La reazione ufficiale viene affidata a Giorgio Tonini, che si dice «sconcertato» dalla «demonizzazione aggressiva» del Vassallum e bolla quello di Fini come un «fuoco di sbarramento sterile e inconcludente». Ma per capire perché la presa di posizione di Fini, che minaccia «ostruzionismo» contro il Vassallum, preoccupi così tanto il leader del Pd basta guardare le reazioni che subito piovono dalla sponda opposta dell’Unione, quella che si raccoglie attorno a Prodi. Applaudono i Verdi: «Difficile dar torto a Fini, quella legge elettorale è una truffa, elaborata su misura per Veltroni e Berlusconi», denuncia il capogruppo Bonelli. Esultano i socialisti: «Fini dimostra che la strada per mettere la camicia di forza all’Italia non è affatto spianata, ma irta di grossi ostacoli», annuncia Villetti. Diliberto si dice pronto ad allearsi «anche con il demonio», figurarsi con An. Ma sono soprattutto i prodiani a benedire l’altolà finiano: «È difficile negare i problemi che egli solleva», nota Franco Monaco.
La sponda di An era infatti quella che Prodi già da giorni sperava di trovare, per bloccare il count-down dell’intesa sulla nuova legge elettorale tra Pd e Forza Italia.
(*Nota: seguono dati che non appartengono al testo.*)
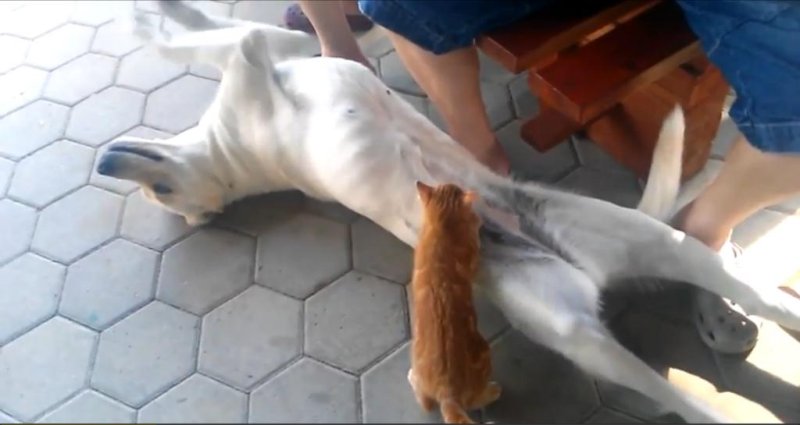 A Slovenian dog patiently nurses a hungry stray kitten. Storyful video screenshot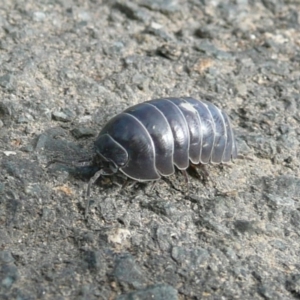 Armadillidium vulgare at Latham, ACT - 9 Mar 2011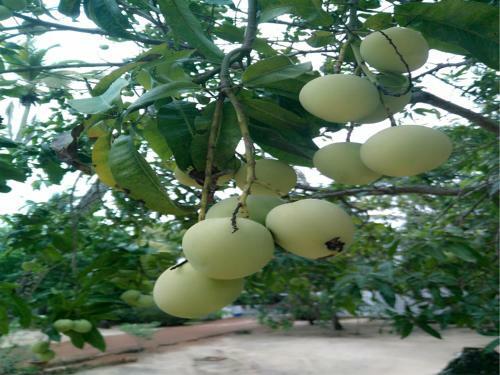 Bed & Breakfast Achayans Homestay Mararikulam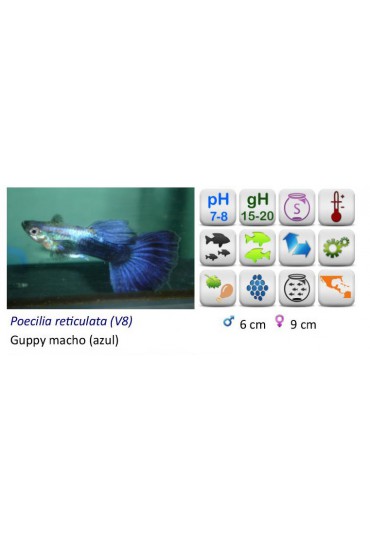 GUPPY MACHO AZUL PANDA
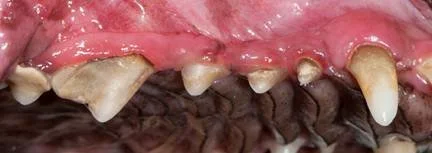 🐶🐱 Understanding Bad Breath in Dogs and Cats: Causes, Treatment, and When to Seek Veterinary Care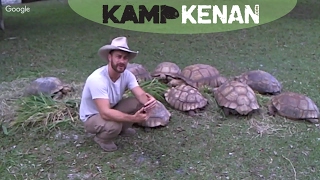 Hanging in the yard with the Sulcata and Leopard Tortoise QA [upl. by Okwu]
Un count-down in fondo al quale il premier intravede (senza sbagliarsi troppo) la caduta in pochi mesi del suo esecutivo e la nascita di un governo «istituzionale» per le riforme, ipotesi apertamente affacciata più volte da Bertinotti, che di quell’intesa è pronubo interessato.
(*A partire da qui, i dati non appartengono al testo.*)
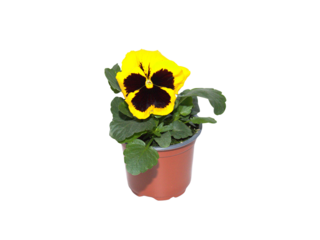 Viola x witrockiana (velkokvětá) K9, výška 15cm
Il fattore tempo è determinante, spiega il veltroniano Peppino Caldarola: «Così Fini dà una mano a Prodi e ai cespugli dell’Unione. Dopo la Finanziaria, ci sono realisticamente due mesi per fare la riforma: se An decide l’ostruzionismo, non passerà nulla e si va al referendum. Grazie al quale il governo la sfanga e Fini conta di imporre di nuovo a Berlusconi la necessità di coalizzarsi coi vecchi alleati». Quella dell’ex vicepremier è dunque «la mossa del cavallo» che mette a rischio la strategia di gioco dei due dialoganti, uniti dal medesimo interesse: metter fine alla stagione del bipolarismo delle «coalizioni coatte» e rissose e aprire quella di un sostanziale bipartitismo.
Lo schema veltroniano prevedeva cinque giocatori: il Pd e Berlusconi, con la sponda di Rifondazione a sinistra e di An e della Lega a destra. Se Fini decide di passare alla squadra avversaria, lo schema dovrà essere rivisto. In fretta, perché nel frattempo Prodi lavora per durare ben oltre il referendum, come dimostrano i tentativi di ampliare i numeri in Senato: dall’operazione neo-Dc pilotata da Rovati, che sta tentando il senatore Udc Baccini (arrabbiato col suo partito che gli preferisce Ciocchetti come candidato alla provincia di Roma) al lavorio per far subentrare i senatori della Rosa nel pugno.
E tra loft e Campidoglio si affaccia il sospetto che la partita di Fini sia quella di «impedire qualsiasi riforma seria», e di giocare in proprio. Magari partendo da Roma. «Senza legge elettorale che rafforzi il partito che vince, la prossima sarà un’altra legislatura di transizione», osserva il rutelliano Giachetti.